:: What you will do ::
Wherever a picture appears in the listing, leave it out, and copy the rest exactly.

:: Supplied information ::

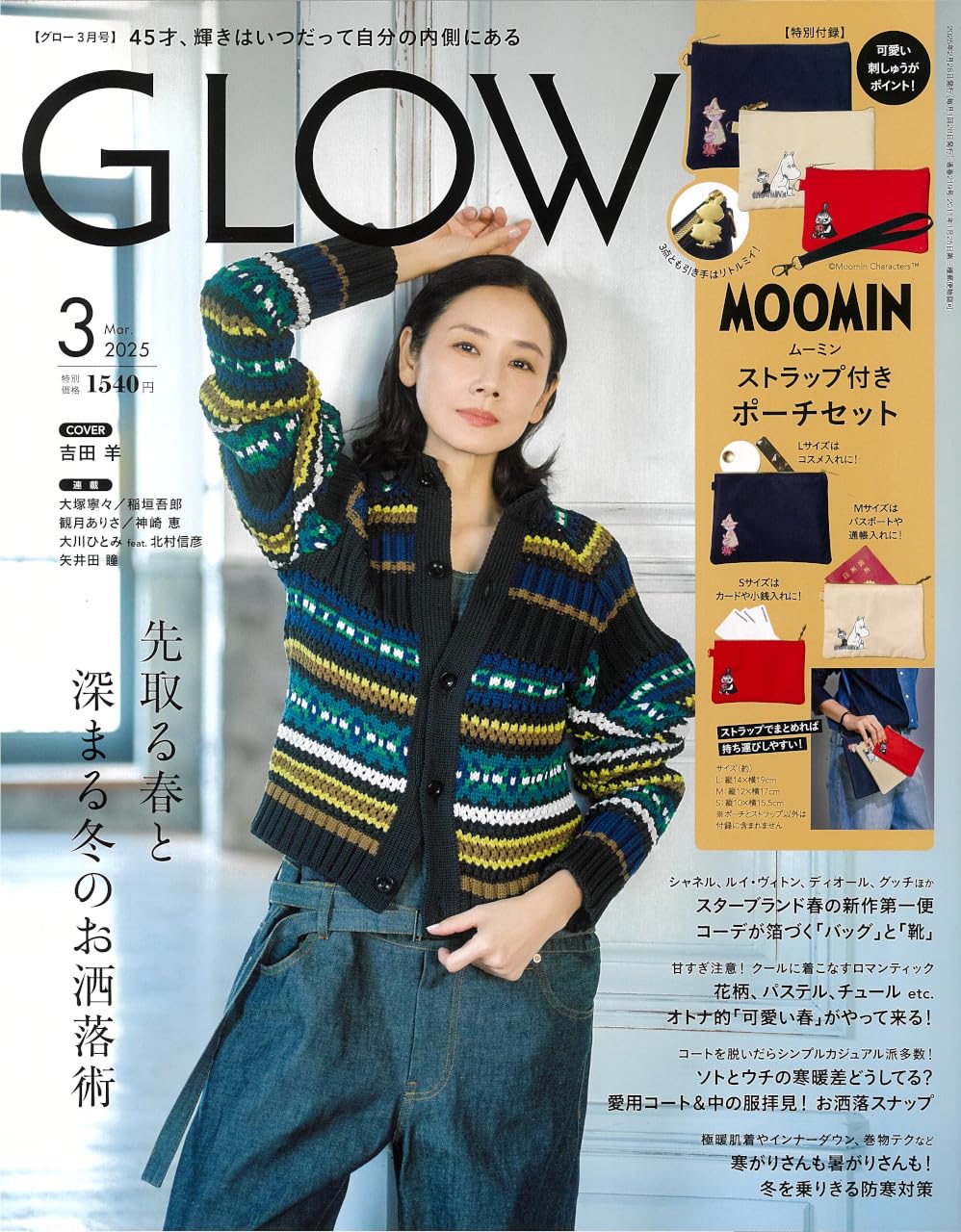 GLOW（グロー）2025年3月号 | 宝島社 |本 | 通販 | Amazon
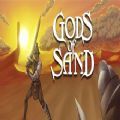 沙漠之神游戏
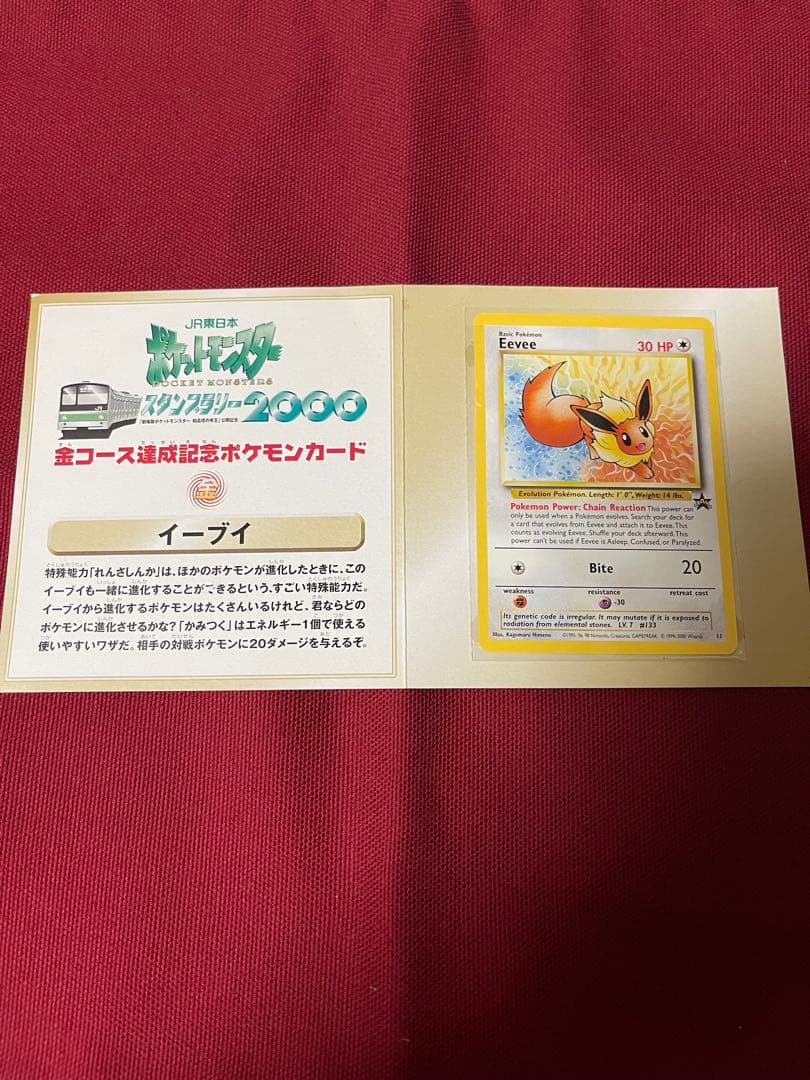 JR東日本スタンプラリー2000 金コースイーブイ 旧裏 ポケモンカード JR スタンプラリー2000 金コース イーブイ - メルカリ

:: Answer space ::
 GLOW（グロー）2025年3月号 | 宝島社 |本 | 通販 | Amazon
 沙漠之神游戏
 JR東日本スタンプラリー2000 金コースイーブイ 旧裏 ポケモンカード JR スタンプラリー2000 金コース イーブイ - メルカリ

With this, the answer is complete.